======== Source material

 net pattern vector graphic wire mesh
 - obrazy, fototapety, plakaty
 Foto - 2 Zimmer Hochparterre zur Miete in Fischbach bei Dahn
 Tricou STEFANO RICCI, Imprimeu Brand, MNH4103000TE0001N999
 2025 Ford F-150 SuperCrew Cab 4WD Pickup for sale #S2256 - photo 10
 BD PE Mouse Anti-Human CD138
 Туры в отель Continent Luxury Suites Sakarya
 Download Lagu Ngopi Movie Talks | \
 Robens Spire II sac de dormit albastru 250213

================
======== Source material

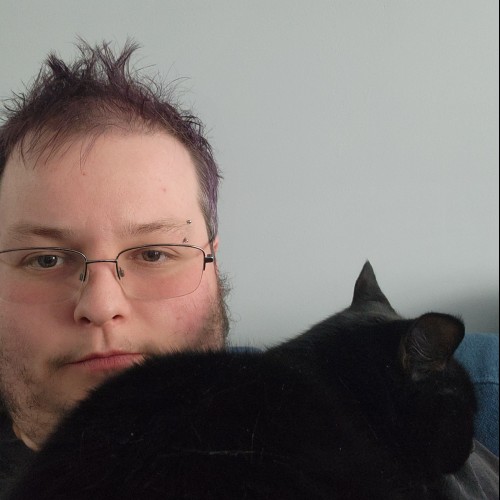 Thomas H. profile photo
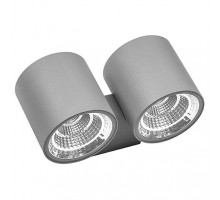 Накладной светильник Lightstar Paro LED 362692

================

◆ **Description of the task**: The expected output is the lines above from the one containing "Thomas H. profile photo" to the one containing "Накладной светильник Lightstar", both ends included, reproduced exactly with every picture left out.

◆ **Output below**:
 Thomas H. profile photo
 Накладной светильник Lightstar Paro LED 362692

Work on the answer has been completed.